ADORATION EN PRÉSENCE DE DIEU
Chers frères et sœurs du Jardin du Seigneur,
Paix à vous !
Nous vous proposons de méditer ce texte à la lumière d’une question par laquelle s’ouvre le Psaume 15 : « Seigneur, qui habitera dans ta tente ? Qui demeurera sur ta montagne sainte ? » (cf. Ps 24 ; Is 33, 1-16).
Cette question contient déjà en elle-même une réponse : nul ne peut se tenir en présence de Dieu ; nul ne peut Le contempler face à face.

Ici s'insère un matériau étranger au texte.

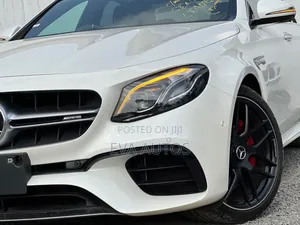 Mercedes-Benz C63 2019 White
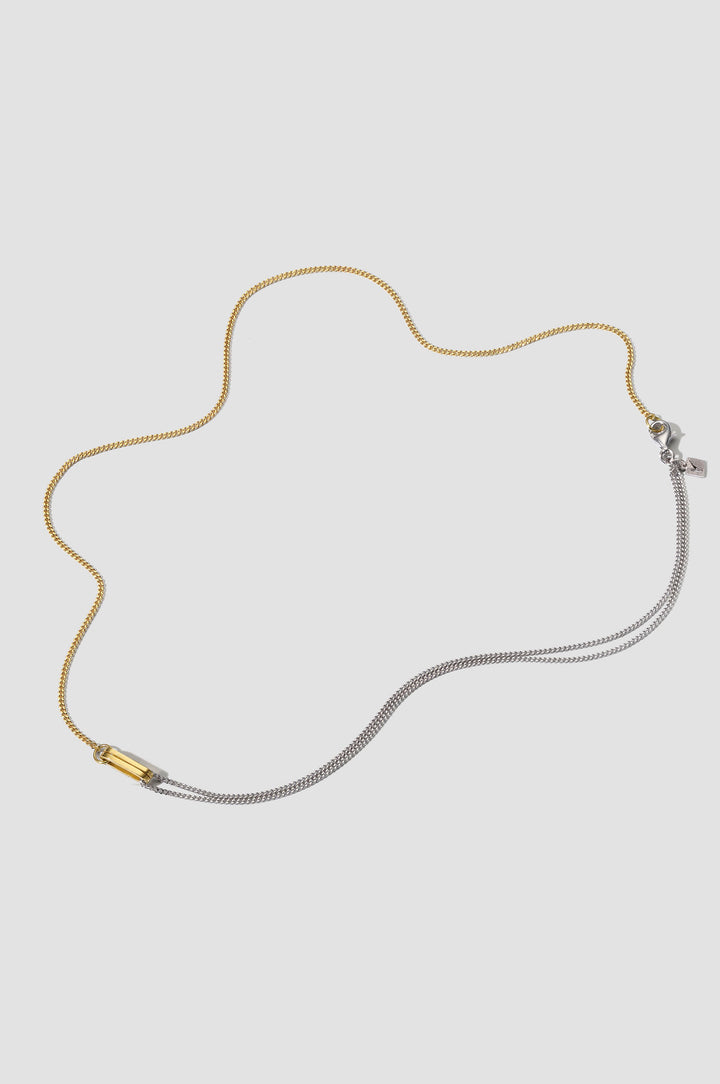 Anthology 07 18K Gold & Whitegold Necklace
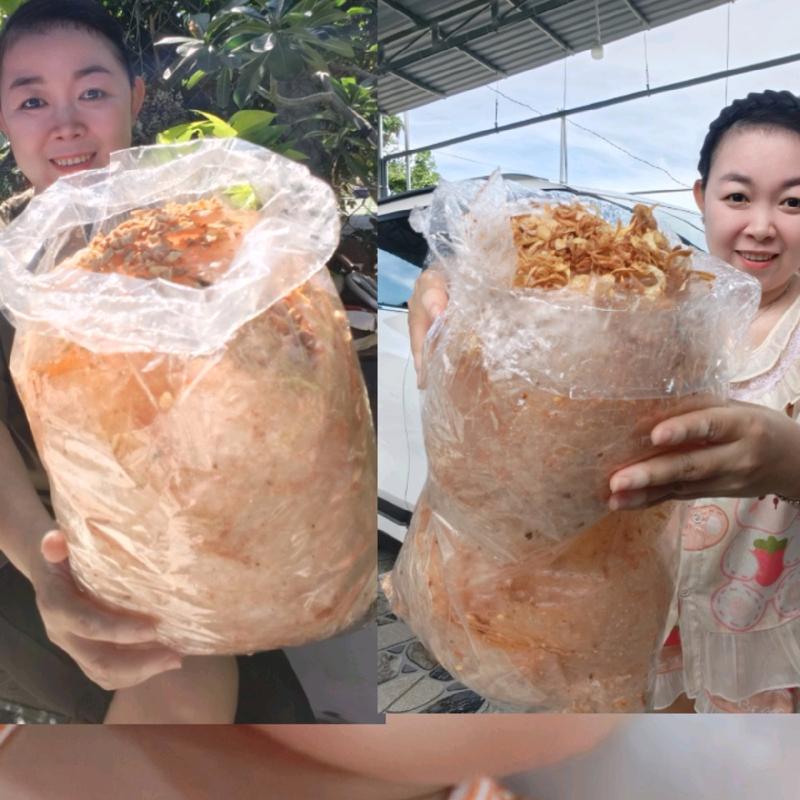 Combo 500g bánh tráng TỎI PHI + 500g bánh tráng HÀNH PHI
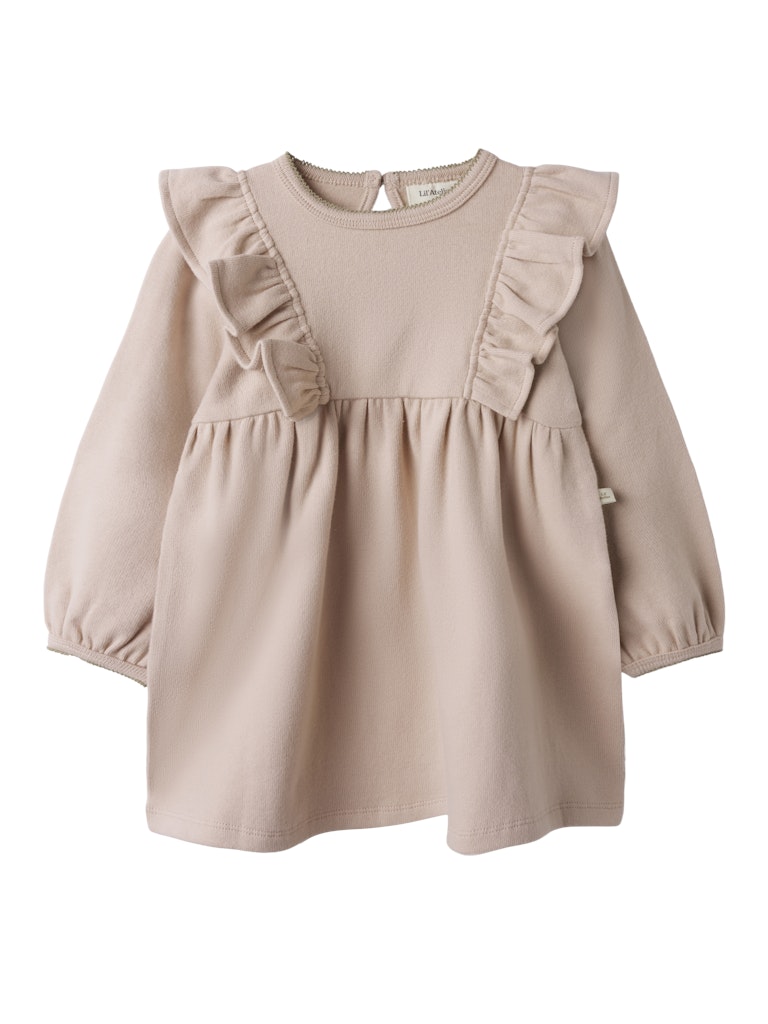 Lil' Atelier Mini THORO HAG LS DRESS - Misty Rose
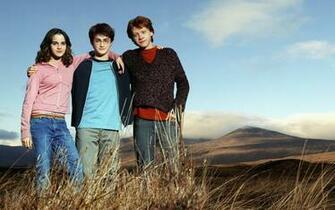 Emma Watson Daniel Radcliffe Rupert Grint Wallpaper Movies And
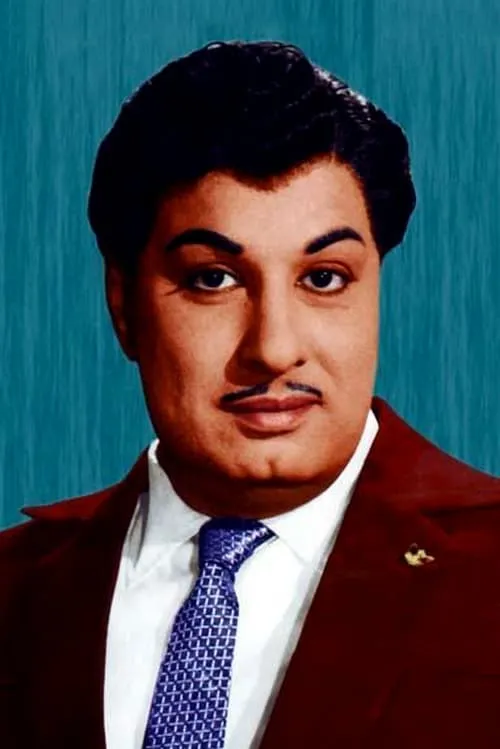 Actor M. G. Ramachandran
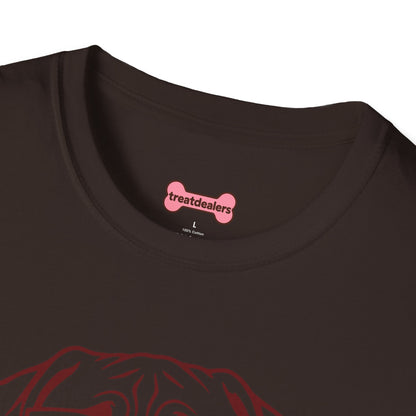 Christmas Unisex T-Shirt 'Merry KissMyAss' Funny Holiday Tee Shirt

Selon l’enseignement biblique, la condition pécheresse de l’homme ne saurait subsister devant la sublime sainteté de Dieu : une telle confrontation entraînerait l’anéantissement de notre nature (cf. Is 6, 3-5). La seule possibilité pour l’homme de demeurer en présence de Dieu suppose qu’il soit « sans tache », c’est-à-dire exempt de toute faute.Une magnifique promesse nous est offerte dans le Livre de Tobie. C’est le temps de l’exil à Assyrie, marqué par la douloureuse expérience de vivre loin du Temple de Jérusalem. Tobie, inspiré par Dieu, élève une prière de bénédiction et de louange, annonçant que le Seigneur relèvera sa tente, c’est-à-dire son Temple, d’où Il manifestera son amour à tout homme ; Il établira, selon sa promesse, une nouvelle demeure où chacun pourra accéder à sa présence :
« Jérusalem, cité sainte, Il te châtie pour les œuvres de tes enfants, mais Il aura encore pitié des fils des justes. Rends au Seigneur une digne louange et bénis le Roi des siècles ; Il reconstruira en toi sa tente dans la joie » (Tb 13, 6-11).
Dieu s’apprête à édifier une nouvelle tente, où Il accueillera toute personne, même la plus misérable, comme son hôte. Ce n’est donc pas un lieu réservé aux irréprochables, car l’Irréprochable par excellence, Jésus-Christ, ayant assumé tous nos péchés, a Lui-même bâti cette nouvelle demeure : le lieu de la rencontre avec le Seigneur, l’adoration en présence de Dieu.
Voici la nouvelle tente : lorsqu’Il fut élevé sur le Calvaire, d’où, comme Il l’avait annoncé, Il manifesta la gloire de Dieu : « Quand vous aurez élevé le Fils de l’homme, alors vous reconnaîtrez que Moi, Je Suis » (Jn 8, 28).
Le Nom « Je Suis » est celui que le Seigneur révéla à Moïse comme garantie de l’authenticité de la mission qui lui était confiée (Ex 3, 14). Ainsi s’ouvre un Temple nouveau, manifestation glorieuse du mystère de Dieu, auquel tout homme a désormais accès, comme Jésus Lui-même l’annonce avant sa Passion : « Et moi, quand j’aurai été élevé de terre, j’attirerai tous les hommes à moi » (Jn 12, 32).
Très chers frères et sœurs, en ce temps de Carême, méditons et contemplons le nouveau Temple édifié sur le Calvaire, manifestation du mystère de Dieu, où l’homme peut L’adorer en esprit et en vérité. C’est ce que Jésus annonce à la Samaritaine : « Crois-moi, femme, l’heure vient où ce ne sera ni sur cette montagne ni à Jérusalem que vous adorerez le Père… Mais l’heure vient — et c’est maintenant — où les vrais adorateurs adoreront le Père en esprit et en vérité » (Jn 4, 21-24).
À chaque Sainte Messe et lors de chaque Heure Sainte, devant l’Eucharistie exposée ou présente dans le tabernacle, prions pour notre conversion continuelle et pour celle de tous les hommes et de toutes les femmes, eux aussi appelés à retrouver le chemin qui conduit — et reconduit — à la véritable rencontre avec Dieu.
Avec ces intentions, unissons-nous à la première adoratrice en esprit et en vérité : la Très Sainte Vierge Marie. Depuis Gethsémani, accompagnons le Seigneur dans sa Passion et sur son chemin vers le Calvaire ; au pied de la Croix, rencontrons cette Mère et contemplons le mystère de Dieu sur le visage de son Fils livré pour le salut de l’humanité. Marie et Jean, se soutenant mutuellement dans la douleur, portèrent leur regard au-delà du visage défiguré de Jésus et, fixant l’horizon infini de Dieu, L’adorèrent. En contemplant ce mystère avec un amour profond, vivons nous aussi cette adoration en présence de Dieu.
Soyez bénis depuis le Jardin du Seigneur.